Q&A with Tom Sagstetter, Elk River Municipal Utilities

July 30, 2018 | | Education

Electric vehicles are scaling up in Minnesota, and municipal utilities like Elk River Municipal Utilities (ERMU) are taking action. Following a FleetCarma analysis of their fleets, ERMU and the City of Elk River purchased a Chevy Bolt and Mitsubishi Outlander from the state contract, helping to electrify their fleet, save money, and reduce greenhouse gases. We recently caught up with Tom Sagstetter, Conservation and Key Accounts Manager, to learn more about the purchases as well as plans to use the vehicles.


Q: How do the purchases of the Chevy Bolt and Mitsubishi Outlander fit into your long-term goals?

Electric vehicles (EVs) are a great fit for ERMU because they give us the opportunity to provide educational information and demonstrations on an electric product that is environmentally friendly and financially responsible for our customers. From the Cities perspective, the lease of the Outlander was part of the Energy City 10-year action plan. EVs present a rare opportunity to improve air quality, reduce greenhouse gas emissions, and better utilize the abundance of wind energy generated at night. ERMU is able to provide time-of-use (TOU) rates for residential and commercial customers that have EVs and are willing to install a 240-volt charger in their home or business.


Q: Where do you plan to show off your newly wrapped electric vehicles?

The Chevy Bolt and Mitsubishi Outlander are on display every day. We utilize the Bolt and Outlander for daily business activity in town, and they can be seen darting to various events around the state. In addition to daily use at the utility and city, they will be part of the Sherburne County Fair Parade July 21st, and they will also be on display at the National Drive Electric Week September 13th. The Event on September 13th is part of the farmers market and the concert series in downtown Elk River. The event will focus on providing educational information to the local community on all EVs like the Chevy Bolt, and plug-in hybrid vehicles like the Mitsubishi Outlander.

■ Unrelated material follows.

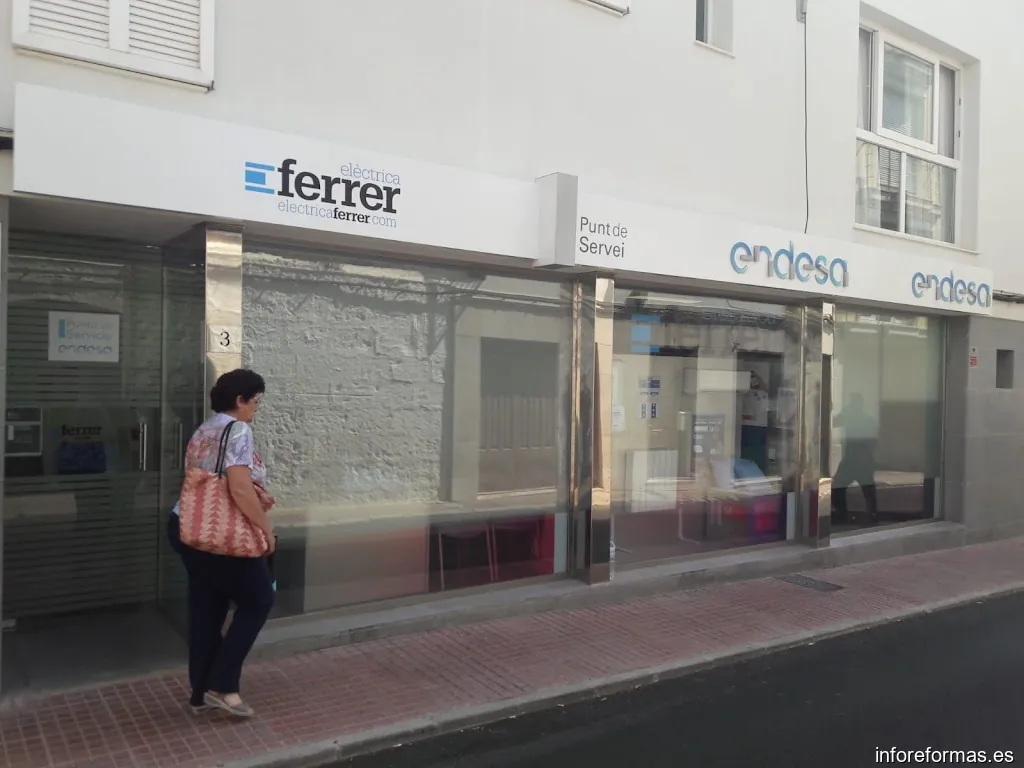 Elèctrica Ferrer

Q: What reactions have you received from the community so far?

The reactions so far have been very positive and supportive. The EV community is incredibly dedicated and supportive of ERMU’s efforts to increase the awareness of EVs and public charging infrastructure. But, the majority of people do not fully understand what an EV is yet or how they work. The educational process is slow, but it’s really starting to take hold. When we started our in-home program, we had two participants. With the technology advances in the past couple of years for EVs and the implementation of TOU rates, we have added seven additional customers to the program in two years. Even more exciting is the fact that we have four additional customers that will be joining the program after they get their new vehicle or complete the charger installation. Every time I stop to charge ERMU’s Chevy Bolt at one of our public charging stations in town, I get at least one or two individuals that stop and talk to me. This is great because it gives the resident the opportunity to see how easy it is to own and operate an EV. We spend time talking about rates and cost per mile, maintenance costs, range of the vehicle, and how fun they are to drive.


Q: How will the new electric vehicles primarily be used? (i.e. department vehicle, pool vehicle, etc.)

The Chevy Bolt is owned by ERMU and is my primary transportation. I take the Bolt to visit residential and commercial customers that have questions on how they can use energy more efficiently. There isn’t a better example of how to use energy wisely than rolling up in an EV that is powered primarily by renewable electricity. I also drive the Bolt to various meetings and events around the state that are focused on EV education and energy efficiency.

The Mitsubishi Outlander was leased by the city for three years. The vehicle is considered a pool vehicle and is used primarily by the environmental, engineering, planning, and building departments. The Outlander is frequently used to inspect wetland and construction sites, road reconstruction projects, and planning meetings around the city. Because of the extended range of the hybrid and larger SUV size, the vehicle is perfect for carrying passengers and cargo to meetings in St. Paul and around the state.


Q: Who are the lucky individuals that get to primarily drive the vehicles?

The Chevy Bolt is primarily driven by me. I am the Conservation and Key Account Manager, so it’s a great fit for what I do. When I’m not using the Bolt, everyone in the utility is encouraged to use it. The more we drive it, the more emissions we avoid, and it will save the utility money, which is good for everyone.

For the Outlander at the city, Amanda Bednar the Environmental Coordinator is a frequent user, but the use over all departments including engineering, building, planning, environmental, and economic development is pretty consistent.


Q: Do you have any plans to offer test drives to the public?

We have hosted two public events where test drives were part of the event, and we’ll look to add additional events in the future. You can like ERMU on Facebook and stay up to date on events that we offer in the future.


Q: Are there any other comments you’d like to offer?

I had never driven an all-electric vehicle until ERMU purchased the Bolt. The vehicle has exceeded my expectations.